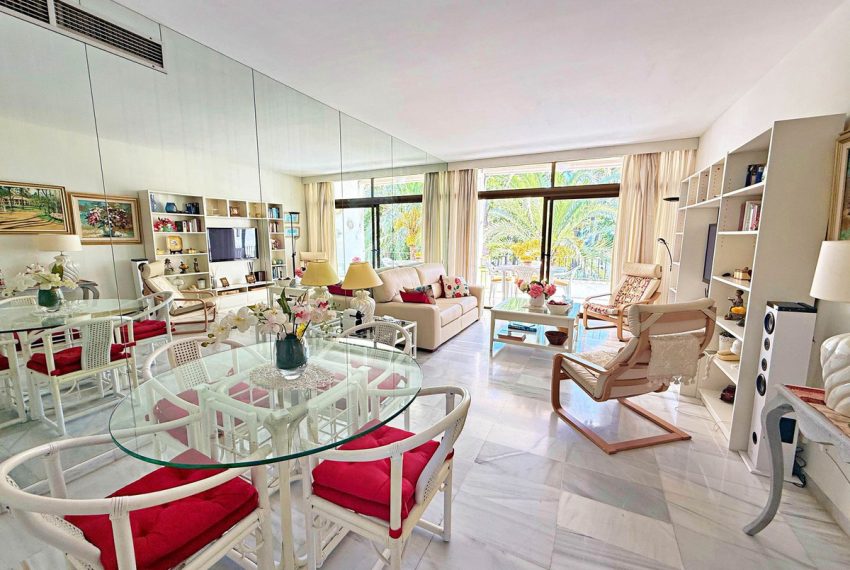R5128693-Apartment-For-Sale-Puerto-Banus-Penthouse-2-Beds-120-Built-5
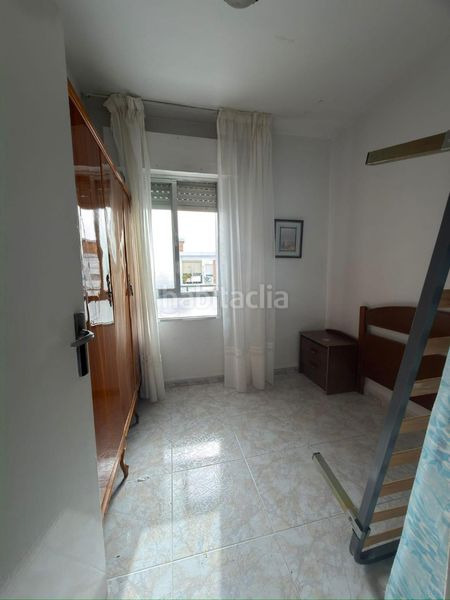 Foto 2f54382f-e05b-4660-929d-04cad2d0b895. Piso en pasaje pantoja 9 en Fuensanta- Arcángel Córdoba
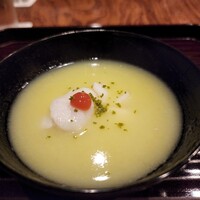 松川 - 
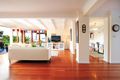 Property photo of 52 Robertson Road North Curl Curl NSW 2099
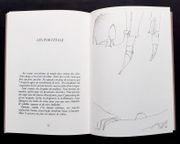 Image de livre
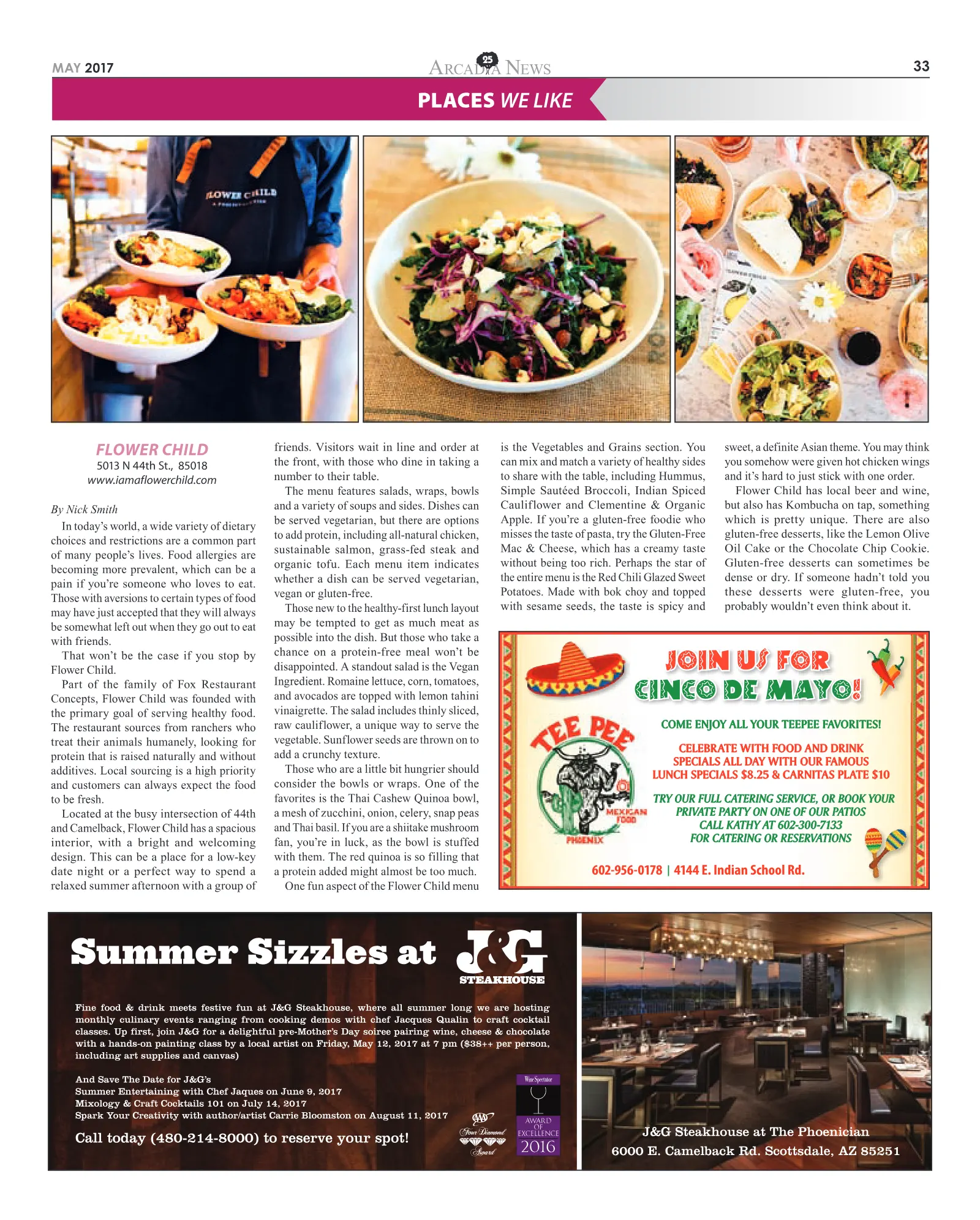 May 2017, page 33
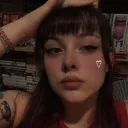 _mutsuo_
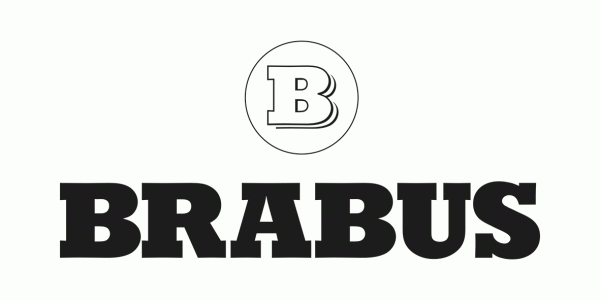 Brabus GmbH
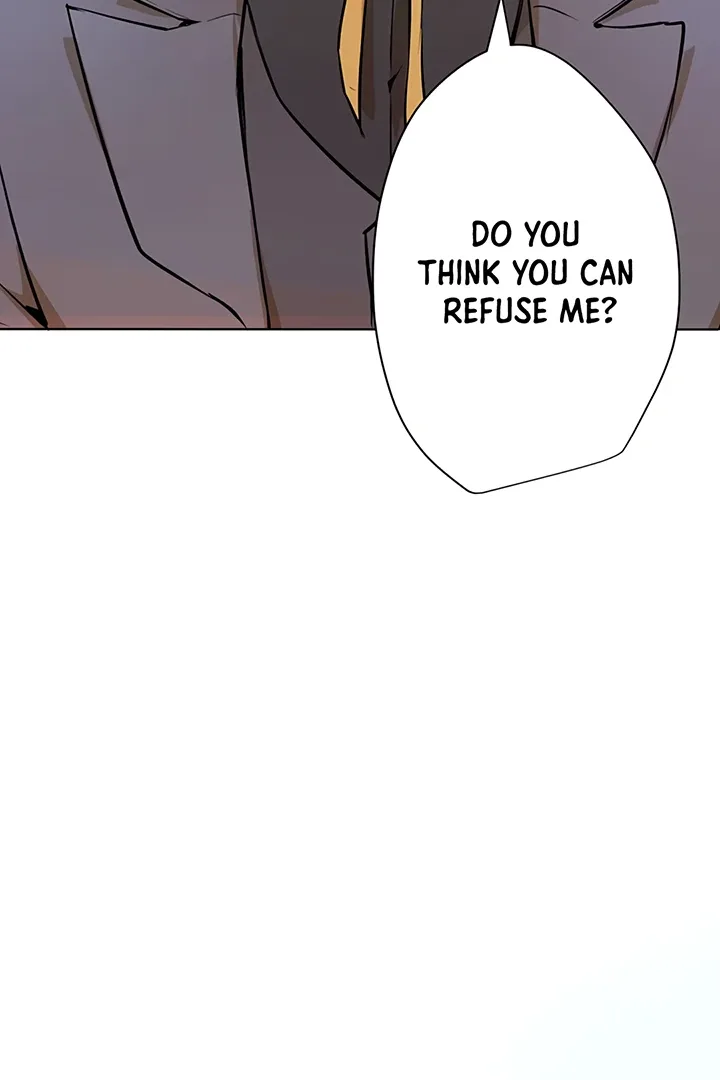 From Six to Sovereignty: The Girl Who Ruled Chapter 21 page 15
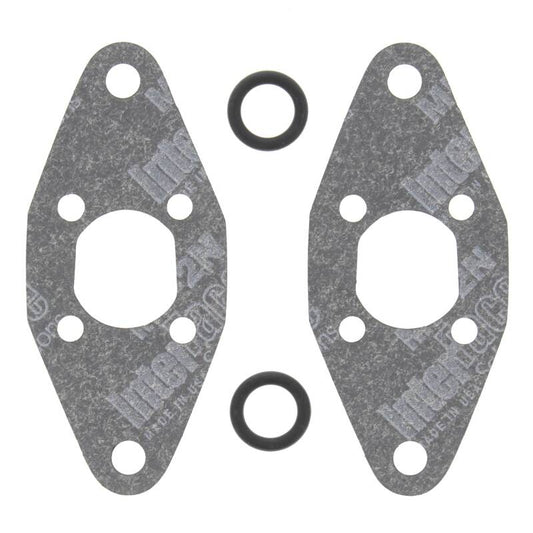 Vertex Pistons 04-05 GSX 800 HD/2006  GSX LTD 800 HO P-TEK Exhaust Valve Gasket Kit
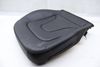 Lower Seat Bottom Cushion 8K0881406AB — photo 1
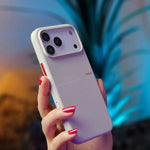 Beats Rugged iPhone Case with MagSafe and Camera Control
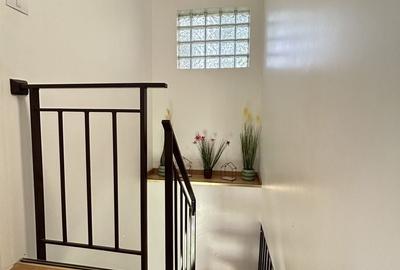 Hotel Boutique 18+ (adults only) + Casa P+1 --- teren 501mp --- str D4 - 12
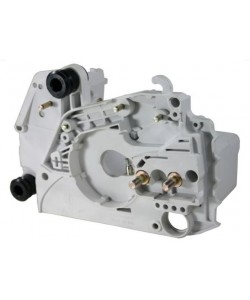 Carter Stihl 170- 180- 017- 018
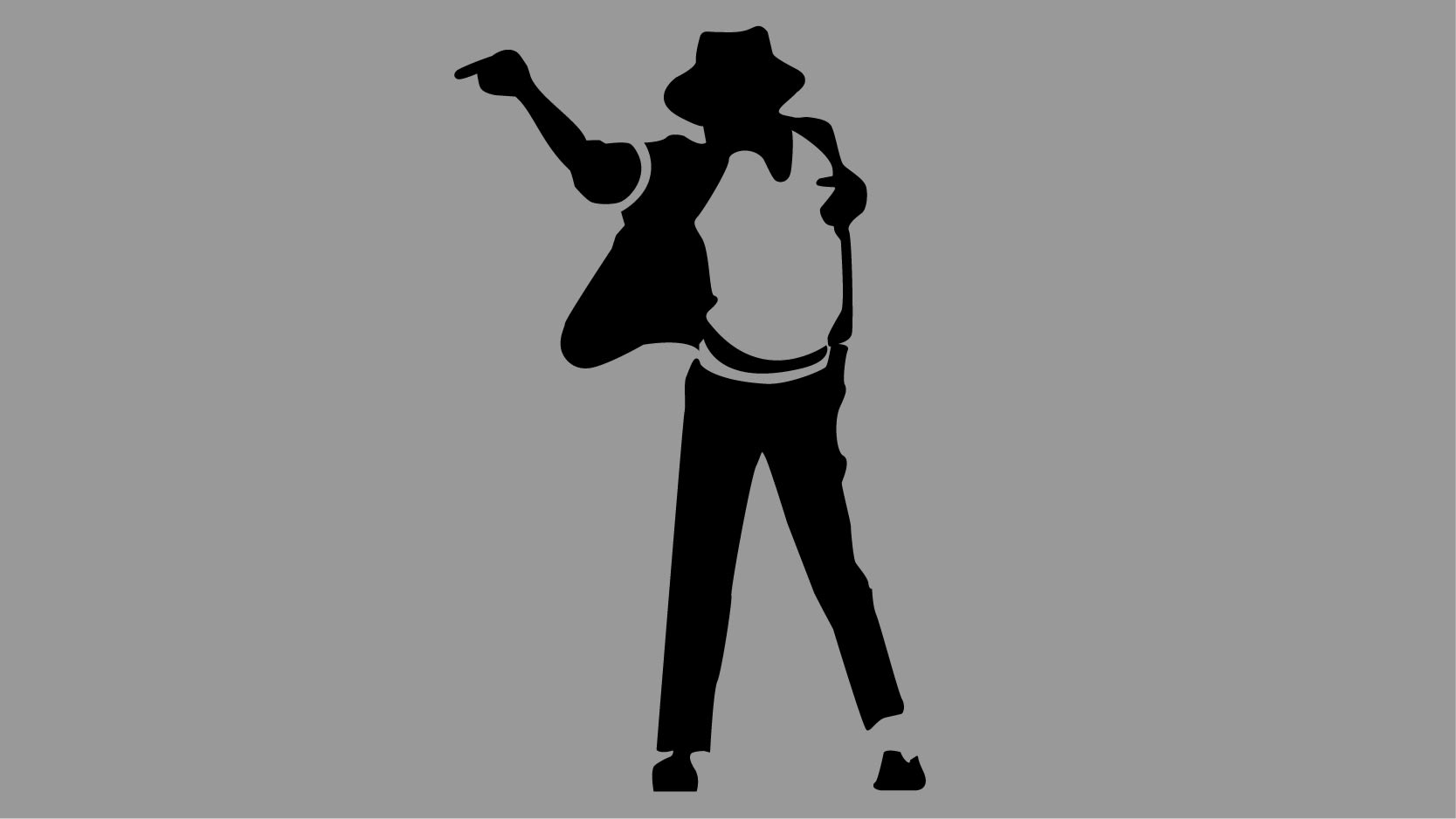 Michael Jackson y la diseminación de los símbolos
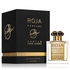 ROJA PARFUMS - Elysium Parfum Pour Homme - 50ml - 5056663802418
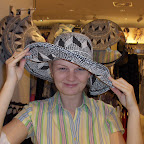 c.d n. Kraków 008.jpg c.d n. Kraków 008.jpg
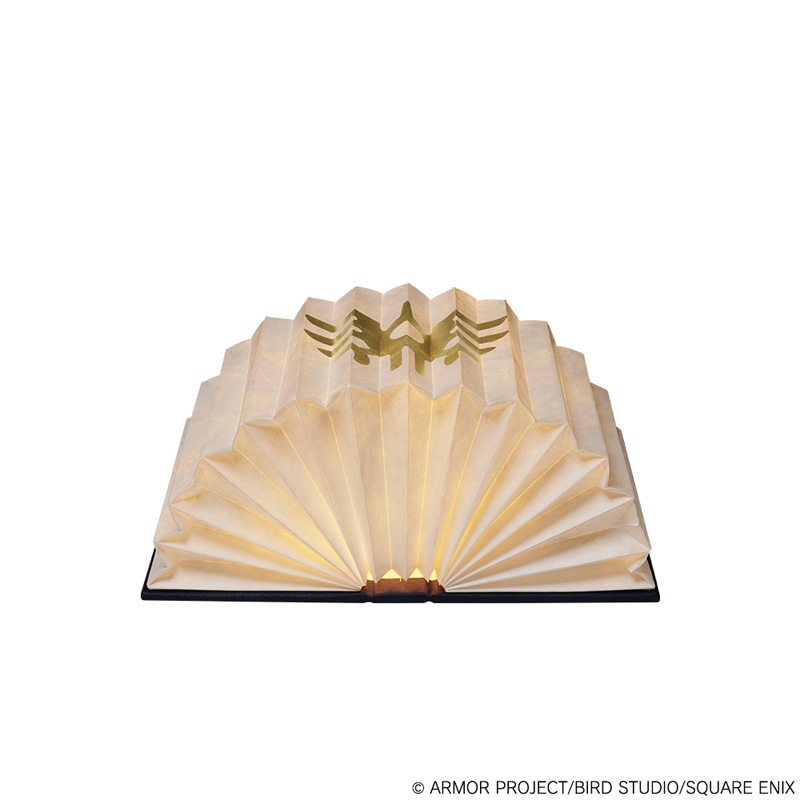 ドラゴンクエスト ふくびき所スペシャル ～ロトの伝説編～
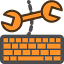 Symbol von Dorando keyconfig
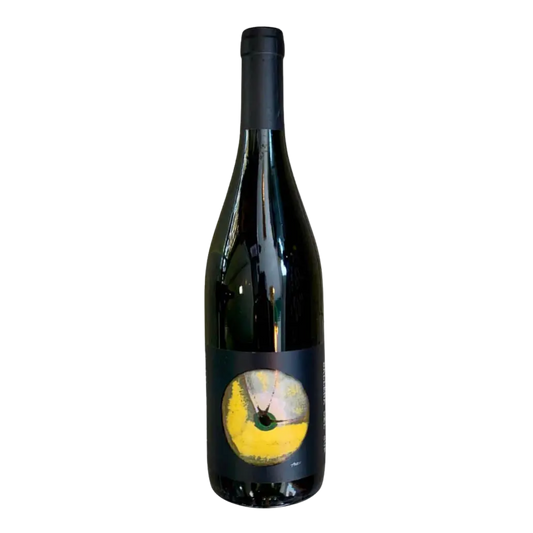 Ballena del Sur Sémillon Torrontés 2025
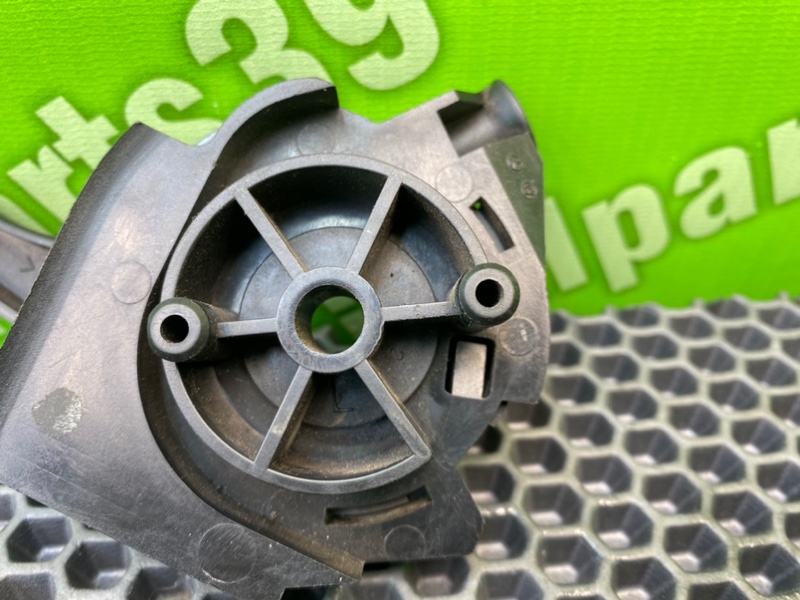 Ручка капота, 1200 рублей, Калининград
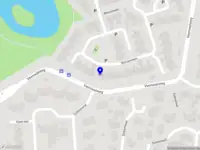 EmZorgt en dienstverlening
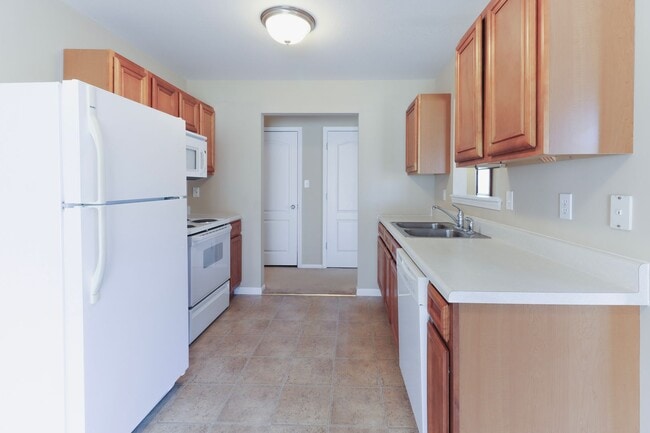 Photo - 3-Bedroom Ranch Home on Quiet Cul-de-Sac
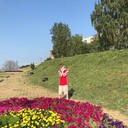  ,   , 26 ,   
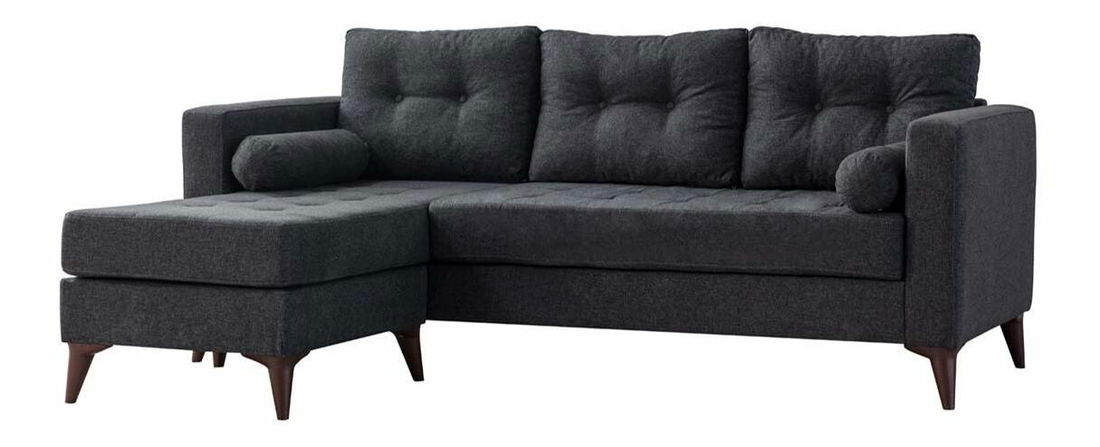 széthúzható kanapé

> Required action
From the line that includes "EmZorgt en dienstverlening" on down to the last line of the entries above, set down each line exactly, leaving out the pictures.

> Answer for the task
 EmZorgt en dienstverlening
 Photo - 3-Bedroom Ranch Home on Quiet Cul-de-Sac
  ,   , 26 ,   
 széthúzható kanapé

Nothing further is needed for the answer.